La estrategia de Asquith le permite seducir desde dos frentes diferentes: por una parte, supone un fascinante ejercicio estético que nos invita a redescubrir cómo se ha representado la homosexualidad en el cine, y, por ende, la capacidad del medio para ilustrar con punzante precisión y no poca belleza todo lo relacionado con el tema (el deseo, el amor, la rabia, el rechazo, la lucha…); el cine, de este modo, no sólo acoge otras formas (más o menos sutiles) de representar la diferencia sexual, sino que deriva en instrumento de gran eficacia (por su alcance estético y emocional) para fomentar su aceptación y neutralizar las causas de su rechazo. Por otra parte, su enfoque poco convencional le permite resumir décadas de lucha y reivindicaciones en un solo magma audiovisual caracterizado por su impacto sensorial, en una línea estética similar a la empleada usualmente por el cineasta Adam Curtis. Asquith, si bien no puede igualar la lucidez de Curtis para desentrañar el funcionamiento de lo real bajo el peso soterrado de un hipnótico collage visual, al menos sabe utilizarlo para ilustrar el convulso desarrollo de la escena gay de su país.

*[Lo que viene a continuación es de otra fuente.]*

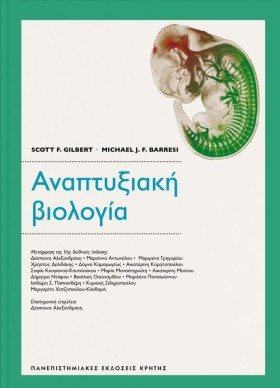 ΑΝΑΠΤΥΞΙΑΚ …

Sin embargo, tal estrategia estética y narrativa tiene un hándicap, al menos en el caso que nos ocupa: su impacto resulta algo limitado. El hechizo que inicialmente suscita en el espectador la conjunción de música e imagen no logra extenderse a todo el metraje, dando éste signos de agotamiento más o menos llegado al ecuador. No quiere decirse que el film aburra o canse, sino que el placer genuino que uno experimenta en los primeros compases se va mitigando conforme éste avanza, alternando picos y valles que hacen que la experiencia no sea completamente satisfactoria. Por otra parte, hay cierta descompensación temática en su tratamiento: se da mucho espacio a la etapa de mayor represión de la homosexualidad en Reino Unido (algunas de las opiniones de los supuestos expertos en la materia —psicólogos, doctores, etc.— producen verdadera repugnancia), y sin embargo se pasa muy de puntillas por otros momentos posteriores igualmente candentes (las protestas para que bajaran la edad de consentimiento a los 16 años, la terrible aparición del sida).
En todo caso, resulta comprensible, pues la película es, en última instancia, un homenaje a todos aquellos oprimidos, marginados y castigados a lo largo de la historia por culpa de una sociedad tóxica que antepuso sus prejuicios a la libertad de los demás. Lo que Queerama deja claro, por encima de todas las cosas, es que nunca se podrá compensar suficientemente el daño causado a tantas personas por su orientación sexual. Este pequeño y precioso documental les da voz y rostro, y permite que su historia no caiga en el olvido.